In the car Rosie gave way to tears. “It's as if I imagined it all. My whole childhood. None of it seems real any more. I never should have come, Susannah.” She blew her nose awkwardly with one hand. “You can't go home again. It's true.”

“But you have to try,” Susannah said. Her own spirits seemed undampened. “We'll come back. It's what you've always wanted to do, and we're going to do it, dammit.” She started the car. The windshield wipers cleared the view of the oast house in the distance. “Right now let's find a nice warm pub and have a good lunch. This rain's bound to stop by tomorrow, and we'll come back then and see the gardens. And the weather vane—the stork!
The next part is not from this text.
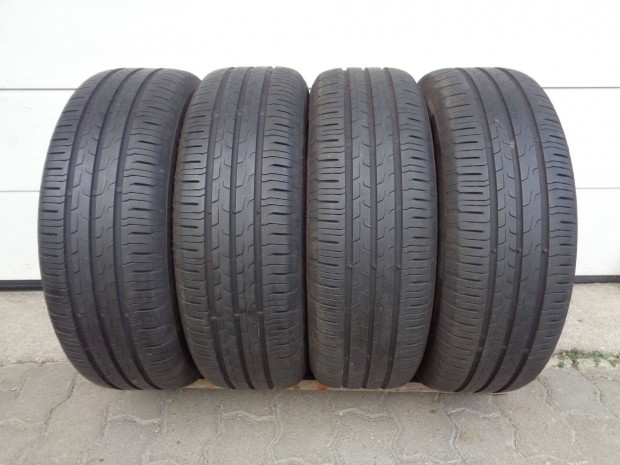 Continental 195/65R15 nyári gumi újszerűen eladó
We forgot!”

But Rosie was shaking her head—the first time she had felt vehement about something since she decided to put the gun to her heart. “No,” she said. “It's all wrong. I've had enough.” The tears started again. Her only consolation was Susannah; Susannah's thin competent ivory hands on the wheel, Susannah not insisting, heading the car down the drive, agreeable, content, her daughter.

And Peter, of course. In the pub she took out a postcard to write to him. “I don't know what to say. ‘Silvergate was a flop. We miss you. Love from secondhand Rose.'” She sighed and put the postcard down: a view of a country lane. Sipping her ale, she did miss Peter. He had spent a lot of time with her and Susannah during her recuperation, making their odd reunion easier—sitting with them on the screened porch telling them funny stories, talking frankly about himself and Hollis, reminiscing about the good parts of his and Susannah's childhood. Rosie was grateful to him for reminding her that there had been good parts—not many, Lord knew, and quickly exhausted, but enough to cheer her up a little. She had cried, with Peter, and had tried to talk about what she had done—bought a gun and tried to shoot herself through the heart, for God's sake! Had she done that? When she came to in the hospital after the surgery her first thought had been that she was going to die—the pain was so great—and that she must be forgiven, must look into Susannah's face and find comfort. And when it became clear that she wouldn't, after all, die quite yet, her chief emotion had been relief. She didn't think of Ivan, and when Peter asked her, there on the porch, weeks later, on a hot September evening, over gin and tonics, “Why did you do it, Ma?”, she was stumped for a moment, as empty of ideas (though not as hostile) as she had been with the psychiatrist; and then she remembered Ivan, and how she had listened and listened for the sound of his van coming up the street and stopping out front. That grinding noise when he pulled on the brake, that metallic thud of the door shutting, his quick footsteps on the brick path.